As the topic suggests,I wanted to ask is there a point in knowing details of what actually is the reason the STBXH started asking for a divorce so vehemently????My marraige ahs been roller coaster all around???Had always been a doormat kind of person,low self-esteem and waiting for him all the time(years of separation in btw) ,false reconciliation then again demand for devorce from his side;;;;

I did not have the energy to now why he is again adamant in leaving me,whetehr it is just our quarrels or he is actually after some woman;;was so weak,I could not take it anymore;;;;;After 2 months of begging,said yes to the divorce;;Am not crying,not weeping anymore;;;

Sometimes I get violently angry and feel used(11 years wasted ,met him when I was 18);;;;
But I feel no emotion at all;;;I want to be peaceful adn satrt a frsh life;;;Have no esire of finding anybody again;;;;have just become so disinterested in everything;;;;;

Do not want to see him again for the final divorce hearing;;;;
I fear that though Ihave followed the actual 180 .Want no reconciliation,am bent to start a fresh life, but still I find an emptiness inside me;;;;;I am actually so surprised to see that I am so strong and not the crying baby I was earlier;;;I did no know I had this in me;;;;Its difficult sometime sthough and I feel the tough appearance is just a false phase and I will break down;;;Then I force myself not to think negative nad pull myself to start a happy ,healthy life again.....

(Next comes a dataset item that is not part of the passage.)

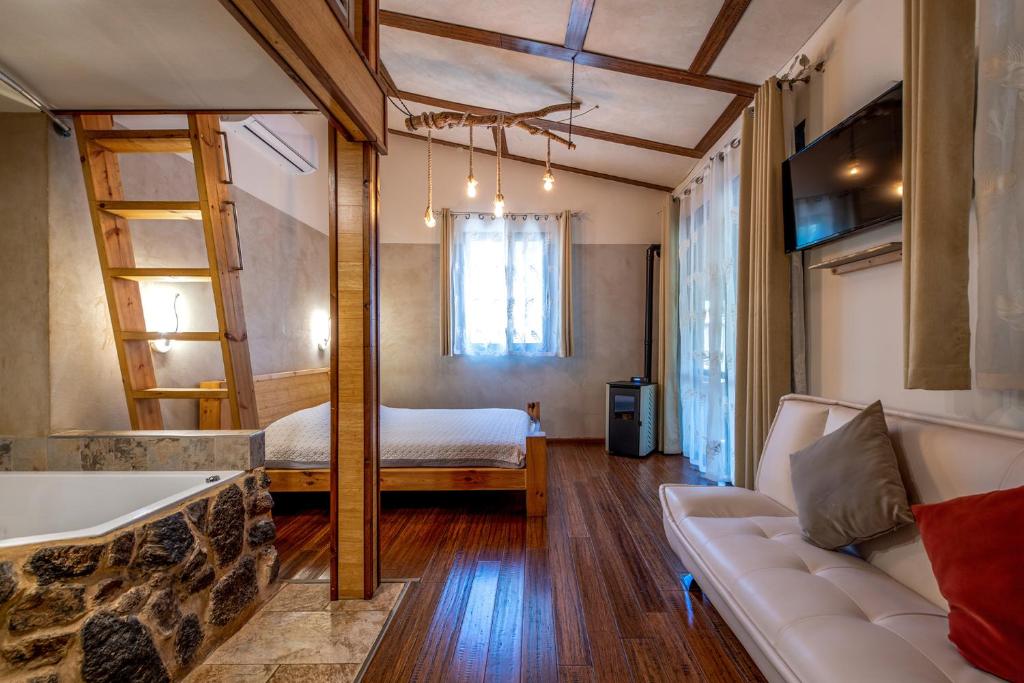 een slaapkamer met een bed en een bank in een kamer bij Paradise on the horizon in El-Rom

Anyone felt the same like this????


----------



## BigMac (Oct 29, 2012)

180 suggest not to. Why do you care ?

If you get the entire truth it may make you worst then it is already!

Here I'll quote HM64

"Life is too short to spend time with people who suck the happiness out of you. If someone wants you in their life, they'll make room for you. You shouldn't have to fight for a spot. Never ever insist yourself on someone who continuously over looks your worth."


----------



## jmb123 (Nov 9, 2012)

Thanks Big Mac!!!I liked the quote and it is very true;;

Zappy, I am not comfortable talking over phone;;Thats way to personal;;;;We can discuss here openly in the forum ;;And there are many wise people to get various opinions;;;;I have been visiting the site for some time now and it has helped me reading and talking to other people like this;;;


----------



## lostinspaces (Oct 22, 2012)

Jmb - I feel the same way and have a similar situation. Been together 12 years (also met young) and find myself wondering how I could have chosen so wrong and wasted so much of my life. I feel like I would have to fast-track life at this point if I wanted the family I always dreamed of. 

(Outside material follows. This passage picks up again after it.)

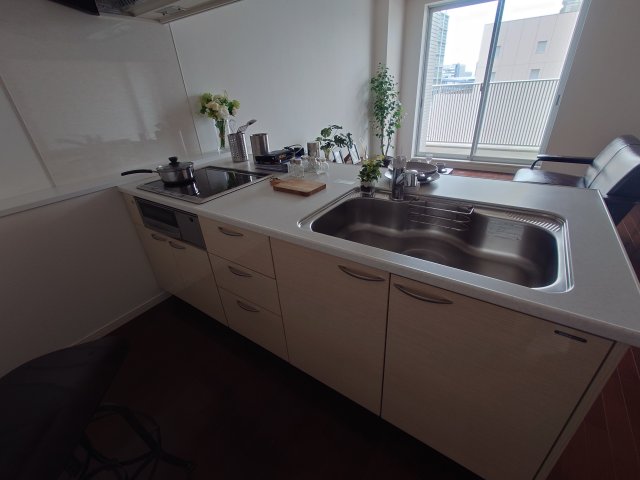 キッチン　同物件別号室の写真です。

I also would like to know what happened to lead to where the stbxw and I are today (what's she has told me doesn't add up to anything a normal person would divorce over - especially without ever talking about it) ... But the question is: does it matter? Would you believe them if they told you? With all the dishonesty would you ever feel you got a real explanation from them? 

No. I think at this point the only option is to try to focus on the future.


----------



## Can't believe it's over (Oct 6, 2012)

I saw this today and thought I would share.

If you stay in the company of anger, pain or hurt, happiness will find someone else to visit. Make a choice to view all of your past relationships as a gift. Throw out what hasn't worked in the past and incorporate new concepts. Focus on being happy.. unknown


----------